Manchester United çok büyük bir camia, Ferguson çok büyük bir hoca, hepsine tamam ama Manchester acaba gerçekten eski Manchester mı? Bence bu sorunun cevabı hayır. Son maçlarını 4 farklı kazanmış olabilirler ama United'ın ciddi sorunları var.
Rooney'in sakatlığı sonrası sakatlanan Van Persie çabuk kendine geldi. Dolayısıyla Santraforda problemleri yok. Üstelik Hernandez de hazır kıta. United'ın tek sağlam noktası belki de en uç noktaları.

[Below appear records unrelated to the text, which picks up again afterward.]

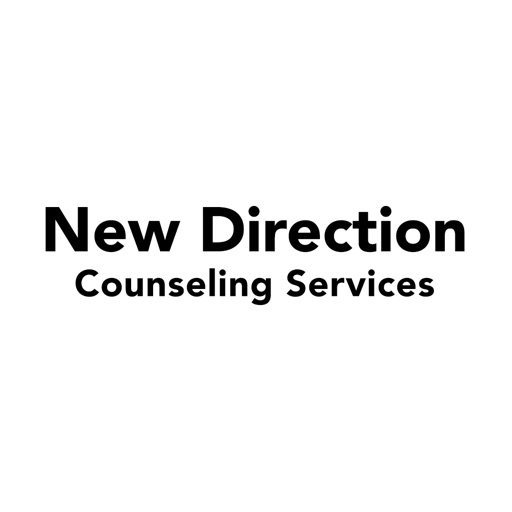 New Direction Counseling icon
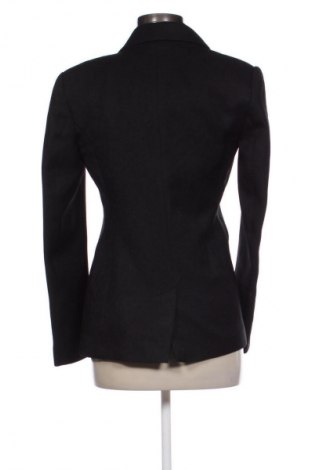 Sacou de femei Koton, Mărime S, Culoare Negru, Preț 216,00 Lei
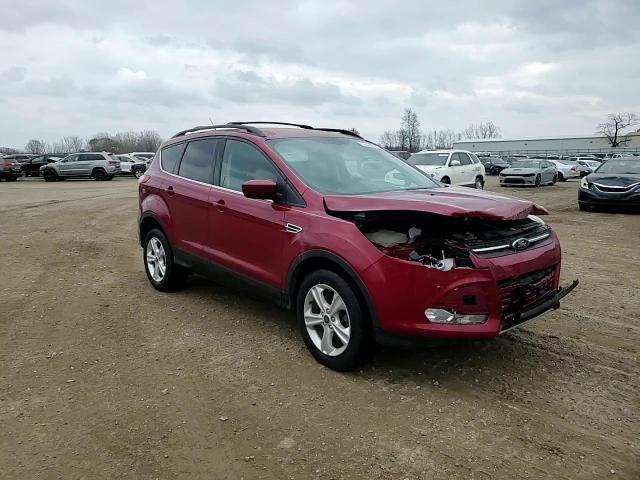 2013 Ford Escape Se VIN: 1FMCU9G98DUB94443 Lot: 92414615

Kırmızı şeytanların asıl sorunu orta sahada. Cleverley 3 ayrı kiralık sürecinden sonra takımda yer bulmuş bir adam ancak oyunun kaderini değiştirecek bir adam değil, sadece çok ama çok koşuyor. Carrick 7. sezonunda bence en kötü görüntüsünü çiziyor. Daha 31 yaşına rağmen sanki 37-38 yaşında son sezonunu oynayan bir veteran görüntüsünde, ağır ve tonlarca isabetsiz pasın mimarı. Yeni transfer Kagawa Hamit'in United versiyonu gibi. Takıma entegrasyonu henüz sağlanamamış, çok kaliteli bir kumaş ama henüz takımın bir parçası değil. Paul Scholes eskisi gibi asla değil. 90 dakikaya yetecek gücü yok, ancak sıkışan maçları çözmek için 20-25 dakikada faydalı olabilir. Anderson ise eski günlerinden çok uzak ve formaya aday bile değil gibi görünüyor. Şu yapıda ilk 11 çıkacak 3 ismin ne kadar verimli olacağı ciddi bir muallak. Galatasaray'ın ise lehine. Her halükarda United orta sahanın ortasında yaratıcı özellikleri minimum adamlarla oynamak zorunda.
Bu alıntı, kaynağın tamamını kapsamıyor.